I swallow and take a small step back, squeezing my thighs tight, so my dick doesn’t reach out to her, and gripping the edges of my apron, hoping that tenting it will make it look less like the single-pole tent my dick is trying to make it.
“I’m…” I clear my throat, suddenly unable to form even the basics of sentences. “I’m afraid I’ll break you,” I finally confess.
She leans forward, closing the gap until she’s close enough that if she stood on tiptoe, she’d be in range of my mouth. Her scent is so thick in my nostrils, I have to fight the urge to huff. “What if I want to be broken, Rory?”
I have no response.
She says, “I’m Scarlett, by the way. Most people call me Scar. I run the tattoo shop that just opened up down the way.”
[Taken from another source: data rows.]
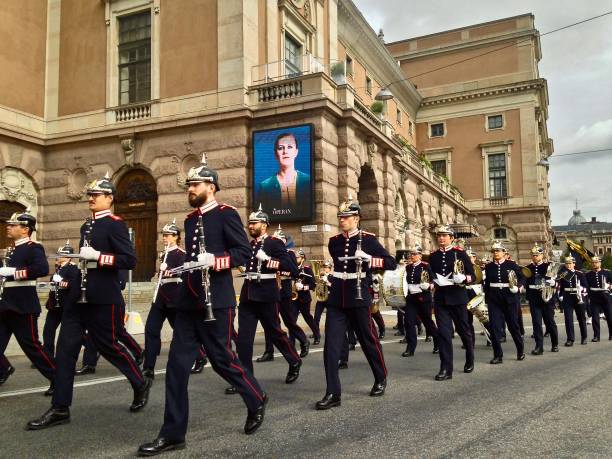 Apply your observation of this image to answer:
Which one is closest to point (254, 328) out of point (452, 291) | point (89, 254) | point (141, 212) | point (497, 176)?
point (89, 254)

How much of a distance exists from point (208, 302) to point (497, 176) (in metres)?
43.2

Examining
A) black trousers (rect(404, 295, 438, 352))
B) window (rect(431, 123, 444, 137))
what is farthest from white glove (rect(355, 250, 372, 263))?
window (rect(431, 123, 444, 137))

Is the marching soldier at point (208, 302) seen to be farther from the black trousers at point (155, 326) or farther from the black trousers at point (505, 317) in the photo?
the black trousers at point (505, 317)

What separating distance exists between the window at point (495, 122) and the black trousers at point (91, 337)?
1692 inches

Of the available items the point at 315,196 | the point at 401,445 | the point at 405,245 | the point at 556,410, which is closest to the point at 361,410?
the point at 401,445

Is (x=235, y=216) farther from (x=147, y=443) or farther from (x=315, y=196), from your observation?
(x=315, y=196)

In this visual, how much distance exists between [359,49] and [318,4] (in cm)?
899

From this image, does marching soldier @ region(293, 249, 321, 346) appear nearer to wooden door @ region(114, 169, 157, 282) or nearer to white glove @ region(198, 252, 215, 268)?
white glove @ region(198, 252, 215, 268)

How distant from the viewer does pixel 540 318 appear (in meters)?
11.8

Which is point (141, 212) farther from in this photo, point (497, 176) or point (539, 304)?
point (497, 176)

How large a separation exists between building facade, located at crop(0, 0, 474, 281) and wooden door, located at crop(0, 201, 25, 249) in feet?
0.23

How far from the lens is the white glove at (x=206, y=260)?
16.3 feet

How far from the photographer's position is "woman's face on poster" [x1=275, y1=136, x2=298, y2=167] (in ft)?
62.3

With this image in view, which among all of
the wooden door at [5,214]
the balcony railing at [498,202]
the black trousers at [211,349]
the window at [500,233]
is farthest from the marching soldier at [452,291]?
the balcony railing at [498,202] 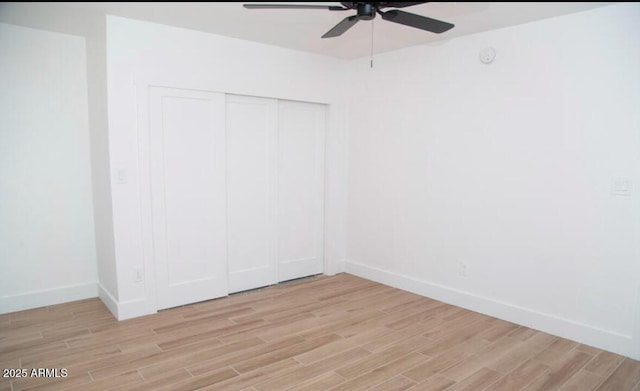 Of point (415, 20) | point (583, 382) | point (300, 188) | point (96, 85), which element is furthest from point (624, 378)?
point (96, 85)

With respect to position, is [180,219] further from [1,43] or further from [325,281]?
[1,43]

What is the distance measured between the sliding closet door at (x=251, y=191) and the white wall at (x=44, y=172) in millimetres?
1400

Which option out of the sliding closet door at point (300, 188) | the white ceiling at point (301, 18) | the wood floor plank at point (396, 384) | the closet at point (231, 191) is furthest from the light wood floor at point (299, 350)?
the white ceiling at point (301, 18)

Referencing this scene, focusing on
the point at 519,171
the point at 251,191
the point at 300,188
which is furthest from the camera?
the point at 300,188

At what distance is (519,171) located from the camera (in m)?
3.37

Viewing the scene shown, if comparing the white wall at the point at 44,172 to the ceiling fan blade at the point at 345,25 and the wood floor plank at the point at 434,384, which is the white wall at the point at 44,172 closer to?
the ceiling fan blade at the point at 345,25

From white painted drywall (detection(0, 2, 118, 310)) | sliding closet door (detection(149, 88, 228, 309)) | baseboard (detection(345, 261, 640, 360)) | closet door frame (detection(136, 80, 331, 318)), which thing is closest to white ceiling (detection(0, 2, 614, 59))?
white painted drywall (detection(0, 2, 118, 310))

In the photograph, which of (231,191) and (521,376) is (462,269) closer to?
(521,376)

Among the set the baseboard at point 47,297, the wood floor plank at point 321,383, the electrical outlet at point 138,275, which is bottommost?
the wood floor plank at point 321,383

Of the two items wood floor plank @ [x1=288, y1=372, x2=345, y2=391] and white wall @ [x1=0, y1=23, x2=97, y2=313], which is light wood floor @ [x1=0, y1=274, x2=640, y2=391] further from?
white wall @ [x1=0, y1=23, x2=97, y2=313]

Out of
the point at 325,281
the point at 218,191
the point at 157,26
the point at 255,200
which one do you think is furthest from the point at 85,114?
the point at 325,281

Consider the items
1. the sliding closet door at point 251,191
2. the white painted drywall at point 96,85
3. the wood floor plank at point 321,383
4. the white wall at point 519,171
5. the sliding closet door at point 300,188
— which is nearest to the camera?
the wood floor plank at point 321,383

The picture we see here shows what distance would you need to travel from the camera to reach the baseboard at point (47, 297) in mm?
3566

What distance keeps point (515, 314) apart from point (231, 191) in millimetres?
2888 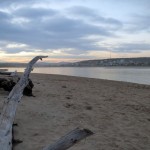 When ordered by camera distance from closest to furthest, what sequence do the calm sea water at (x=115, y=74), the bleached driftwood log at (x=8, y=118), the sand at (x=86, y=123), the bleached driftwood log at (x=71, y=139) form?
the bleached driftwood log at (x=71, y=139) → the bleached driftwood log at (x=8, y=118) → the sand at (x=86, y=123) → the calm sea water at (x=115, y=74)

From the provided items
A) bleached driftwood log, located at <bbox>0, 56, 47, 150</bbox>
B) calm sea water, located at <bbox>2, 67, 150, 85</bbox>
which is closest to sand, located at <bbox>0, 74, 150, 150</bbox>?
bleached driftwood log, located at <bbox>0, 56, 47, 150</bbox>

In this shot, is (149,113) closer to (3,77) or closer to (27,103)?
(27,103)

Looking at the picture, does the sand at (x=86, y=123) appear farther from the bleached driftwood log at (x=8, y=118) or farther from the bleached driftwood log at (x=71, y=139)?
the bleached driftwood log at (x=71, y=139)

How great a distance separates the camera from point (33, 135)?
675 cm

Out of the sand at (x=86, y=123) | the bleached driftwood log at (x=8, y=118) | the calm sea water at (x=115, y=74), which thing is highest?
the bleached driftwood log at (x=8, y=118)

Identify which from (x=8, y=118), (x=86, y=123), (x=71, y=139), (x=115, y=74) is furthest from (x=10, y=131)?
(x=115, y=74)

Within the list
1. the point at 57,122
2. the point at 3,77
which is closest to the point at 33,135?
the point at 57,122

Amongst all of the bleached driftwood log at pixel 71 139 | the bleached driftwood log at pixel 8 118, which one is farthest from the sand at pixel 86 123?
the bleached driftwood log at pixel 71 139

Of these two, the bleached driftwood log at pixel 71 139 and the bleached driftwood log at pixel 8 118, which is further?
the bleached driftwood log at pixel 8 118

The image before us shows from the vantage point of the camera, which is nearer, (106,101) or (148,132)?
(148,132)

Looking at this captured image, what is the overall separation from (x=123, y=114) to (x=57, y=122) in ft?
7.72

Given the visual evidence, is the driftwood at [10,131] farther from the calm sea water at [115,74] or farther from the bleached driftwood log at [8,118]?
the calm sea water at [115,74]

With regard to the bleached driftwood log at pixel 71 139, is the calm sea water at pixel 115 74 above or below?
below

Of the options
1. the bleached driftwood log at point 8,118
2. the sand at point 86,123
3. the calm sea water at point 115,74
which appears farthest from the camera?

Scarlett. Such a beautiful name.
“Oh, um…hi, Scarlett. I’m Rory.” God, that was dumb. She just said my name.
“Hi, Rory. So what’s your deal, Rory?”
“What do you mean?”
She leans in, even closer. “Are you, like, the minotaur of teacups? Do you guard the entrance of your china shop labyrinth from all the basic bitches of the world?”
My face gets hot again. I want to laugh, but my mouth is full of static. “I—uh—I like to protect beautiful things.”
“That’s really sweet, Rory.”
I swallow.
She gets even closer—close enough to kiss me.
I squeeze my eyes closed, and this time, I cannot repress the moo that escapes me as I prepare for her to devour me.
She doesn’t devour me. Or kiss me. Instead, she giggles and slinks away, further into the shadowy maze of the store.
The path of escape is no longer blocked, but I follow her, unable not to.